I should say, my maternal grandmother, who is now morally compromised beyond hope of salvation but who was tremendously hospitable and a lot of fun to play cards with when I knew her, not my paternal grandmother, who chews rats and broken bottles with her teeth.
This probably goes for my mother, too – although she’s not usually the sort who watches conservative procedurals like Blue Bloods or whatever, she loves Kevin Costner, and my father always used to tease her for wasting her celebrity crush on someone so wooden and unremarkable.
I’d also have a natural audience for this complaint: They curse too much on Only Murders in the Building. It’s distracting and repetitive!
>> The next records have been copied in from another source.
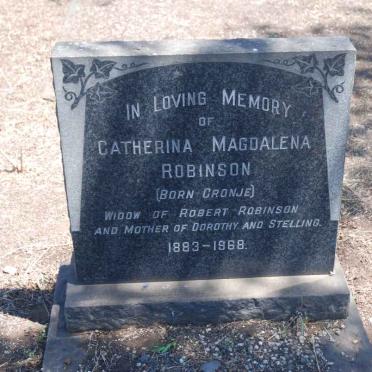 ROBINSON Catherina Magdalena nee CRONJE 1883-1968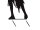 Silhouette Metal Zombie Woman, 135cm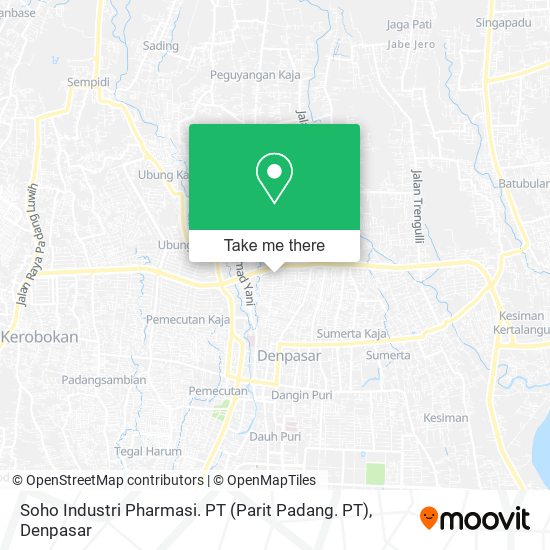 Soho Industri Pharmasi. PT (Parit Padang. PT) map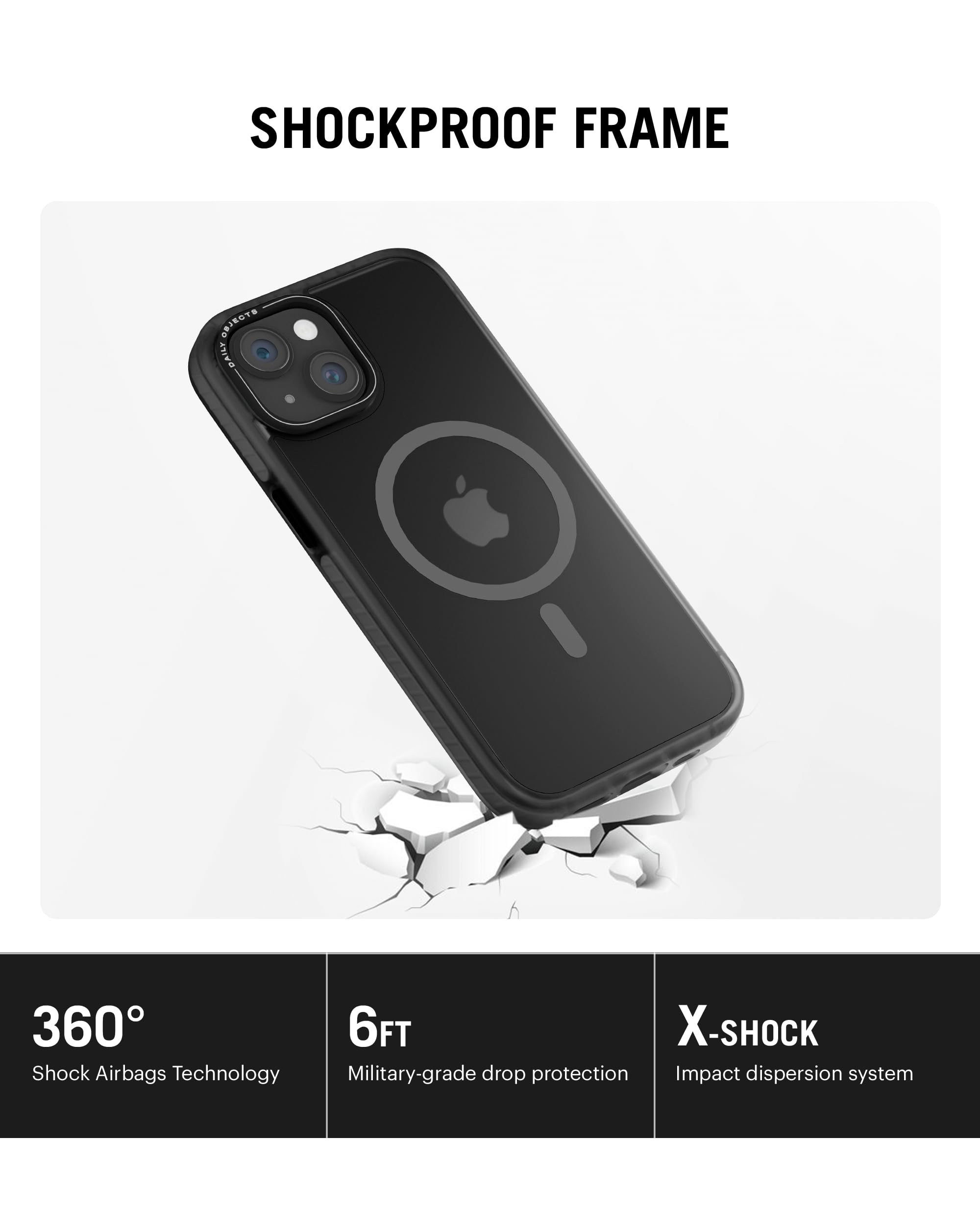 Black Nimbus Polycarbonate Slim Mag-Safe Case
They shouldn’t curse so much on that show.
I wonder if I have said this before? I can’t remember having done so, but it wouldn’t surprise me in the least if I’d made the same declaration at the one-year mark. It’s entirely possible that I repeat this claim every few months.
My best advice: Get a friend to help you manage cross-platform blocking. You’ll need help coordinating all the various apps and accounts you don’t want your relatives to use to contact you, and you’ll invariably forget one or two, and it’s nice to have a buffer between yourself and any weird messages they might try to send you. Email and social media might be obvious, but Venmo was weirdly the most difficult – I had the hardest time blocking relatives there in a permanent way, and their names still showed up on my suggested list for ages. It makes sense inasmuch as Venmo has a vested interest in maximizing each user’s network (“capital should never be blocked,” not that the $20 my sister and I occasionally sent one another after seeing a movie together qualifies as capital, obviously), but it was still a real pain.
My favorite soundtrack to this fantasy was the jazzy Bobby Darin cover of “On The Street Where You Live,” which was a particular favorite of both my parents. To this day, I can roughly track my mental health status based on how many times I’ve listened to that song on any given week.
See also A.J. Deutsch’s “A Subway Named Möbius, TOS’ “The Enemy Within,” Alan Nourse’ “The Universe Between,” John Brunner’s “The Infinitive of Go,” The Fly, and Larry Niven’s “All The Myriad Ways.”
But boy howdy, before he lost his job, the phone was ringing off the hook! They sure did want to talk to me then!
Danny, your courage and grace (and that of Grace as well) in separating swiftly and denouncing the evils of your family and their vast complicity will never leave me, and I know that I am not alone. You freed yourself, and watching as you process the transplant shock of your righteous and necessary public estrangement has touched my heart many times for your power, your vulnerability, the complexity of you sorting through the rubble and building a good and honest home with your family that loves you and will not bring you to harm. I still listen to "Prodigal Son" often, stirring and brutal and sardonically unsparing. I am grateful for your work, your body of work, and for you, to risk everything for the harsh disinfectant of truth. Thank you. May all this continue to recede below all that you build and create. Best, @popelizbet.
I deeply appreciate your commitment to not hedging. Phrases like "acting against them," "my father and brother are pedophiles" "morally compromised beyond hope of salvation" are so unflinchingly true and such a deliberate faux pas against the understanding that evangelicals are allowed to talk about "the world" that way, but if we take the same approach we're being rude and aggressive. More rudeness and aggressiveness like this is something we need, I think.